What you are doing right now

Since not long after Donald Trump was elected in 2016, there has been this meme going 'round among liberals, something to the effect of "If you've ever wondered what you would do during the rise of Nazi Germany, it is what you are doing right now."

The implication, of course, is that Trumpism and the fascism lurking just beneath it places us in a position analogous to Germans in say 1933.

I have no argument with the point. There is something to it.

However, it is at best a kind of loose analogy. It's pattern matching deployed to persuade people of the moral stakes of our situation, and to identify which actors are right, and which are much worse than merely wrong.

Germany (or German-occupied Poland) in 1943 rather than 1933 presents an even more morally evocative touchstone for comparisons.

If you've ever wondered what you would do during the rise of Nazi Germany, it is what you are doing right now.

In Gaza, trapped innocents are being killed in large numbers.

Perhaps the comparison is unfair.
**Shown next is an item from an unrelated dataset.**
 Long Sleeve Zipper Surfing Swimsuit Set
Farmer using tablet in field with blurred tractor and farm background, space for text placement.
The Nazis never tried to warn their victims with pamphlets and "roof knocking" to get out of harms way. Hamas provoked the current conflict with mass atrocity in ways the Jews of Germany never did. No country could be expected simply to tolerate an enclave ruled by terrorists who openly promise to repeat their atrocities again and again and again.

All of that is true.

Trumpists of course can also draw a lot of true and important distinctions between their movement and the actual literal Nazis of Germany 1933.

The power of the analogy is to cut through the nuance and expose it as sophistry. This will always seem unfair when you are on the side whose defense requires nuance.
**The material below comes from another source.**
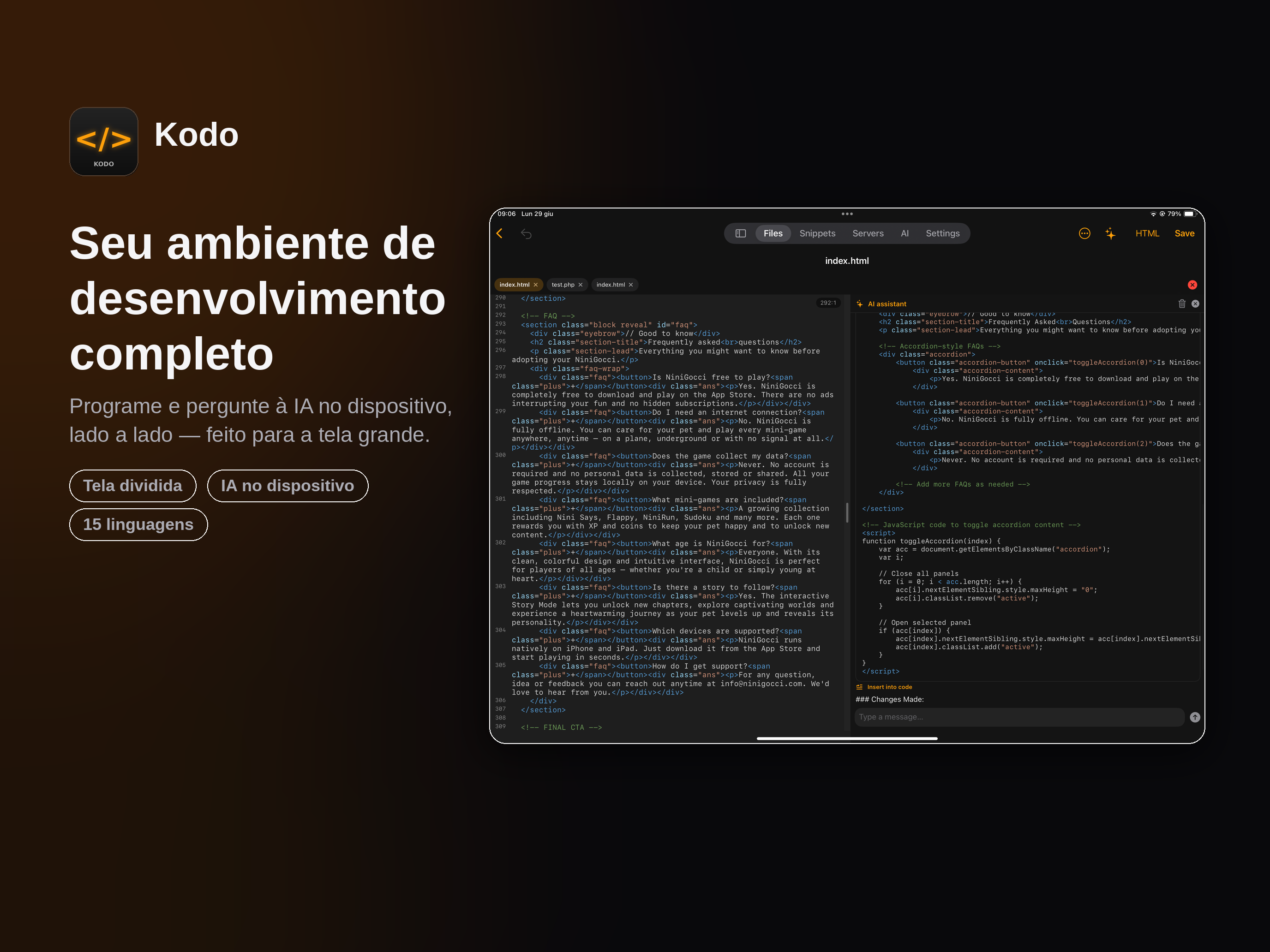Kodo code editor with on-device AI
Whether in God's eye the nuanced position is right or wrong, here on Earth moral intuitions are blunt instruments. Generally people will side with a penned-in defenseless population getting murdered, regardless of the bigger picture. As a heuristic, that doesn't seem so terrible.

If you've ever wondered what you would do during the rise of Nazi Germany, it is what you are doing right now.

People who make these kinds of remarks seem so certain they know who the Nazis are. But it could be us, too. The Nazis didn't think they were the Nazis, in the way we mean it now. Whenever we consider ourselves part of a group so inherently righteous we are immune, we become particularly susceptible to slipping into the role.